Ask and it will be given to you; seek and you will find; knock and the door will be opened to you.
Matthew 7:7
This morning finds Jesus, once again, eating with sinners and telling stories. There are two stories in our reading today. In the first there is a man who has 100 sheep. When one went missing he went looking for it and brought it home. Then he had a big party. The next story is about a woman. She had ten coins. One of the coins went missing. She lit a lamp, swept the house, and searched until she found it. After she found the coin she had a big party because she was happy.
You’d think that the lectionary would group these stories together with the parable of the lost son. We only have the first two this week, and that actually works as the parable of the lost son is different in some important ways. Today we will only deal with the two parables of the lost sheep and the lost coin.
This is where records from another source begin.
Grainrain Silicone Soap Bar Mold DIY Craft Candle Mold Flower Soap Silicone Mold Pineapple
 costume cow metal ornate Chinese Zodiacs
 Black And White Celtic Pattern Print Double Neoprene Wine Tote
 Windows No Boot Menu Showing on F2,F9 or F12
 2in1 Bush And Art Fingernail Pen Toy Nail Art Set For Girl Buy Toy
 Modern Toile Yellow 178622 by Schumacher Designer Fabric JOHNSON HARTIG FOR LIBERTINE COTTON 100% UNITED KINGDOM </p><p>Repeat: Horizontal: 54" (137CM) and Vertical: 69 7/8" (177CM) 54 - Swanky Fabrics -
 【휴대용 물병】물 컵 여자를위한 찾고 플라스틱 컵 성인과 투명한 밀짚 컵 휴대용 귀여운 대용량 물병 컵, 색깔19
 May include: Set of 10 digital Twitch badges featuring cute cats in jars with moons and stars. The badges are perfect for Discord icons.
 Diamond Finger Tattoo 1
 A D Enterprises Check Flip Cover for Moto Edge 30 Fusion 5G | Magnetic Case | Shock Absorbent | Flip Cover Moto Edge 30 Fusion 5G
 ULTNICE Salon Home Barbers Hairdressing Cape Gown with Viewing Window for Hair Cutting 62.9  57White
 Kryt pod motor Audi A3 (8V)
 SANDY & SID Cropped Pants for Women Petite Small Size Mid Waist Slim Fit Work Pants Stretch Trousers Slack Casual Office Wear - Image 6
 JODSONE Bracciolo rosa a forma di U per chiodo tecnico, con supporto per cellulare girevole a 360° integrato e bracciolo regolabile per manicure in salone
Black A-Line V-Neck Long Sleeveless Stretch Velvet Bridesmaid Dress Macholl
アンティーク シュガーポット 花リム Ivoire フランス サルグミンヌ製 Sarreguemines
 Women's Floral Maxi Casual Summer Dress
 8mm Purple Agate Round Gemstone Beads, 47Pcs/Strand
There is a statement at the end of each parable about repentance. It says that in Heaven there will be more joy over one who repents than over the found lamb or the found coin. Taken together with the story of the lost son and the statement about repentance some people think that the stories themselves are about repentance. They are not. Coins and lambs can not repent, after all. The statement that there will be rejoicing in Heaven about one who repents is an add-on. The thing we should notice in these stories is that something was missing, it was not whole.
It might not be easy to notice that one of our 100 sheep is missing. You’d have to count all the way to 99 before you realised that number 100 was not there. It might be a little easier to notice that one out of ten coins was missing. Either way, wholeness would not have happened if the shepherd and the woman had not taken notice of what was not present.
This reading invites us to notice what is not there. Who no longer shows up on Sunday morning, who is not there for Christmas Day, whose absence should we notice? Are there kindnesses we used to extend, little things that no longer happen?
In some traditions silver is the colour of reflection. The silver coins invite us to further reflection. We might be able to notice a missing person, or something like that. But, can we see the things missing from our interior lives? What about the vitality that used to characterise our prayer life, or the passion that used to motivate our good works? If the passion and vitality are gone, do we notice?
The shepherd and the woman remind us to look for what is not there. Maybe we should be like them and go looking for what is lost, maybe something else will emerge, maybe some things should be allowed to drift away. Either way, it’s important to notice.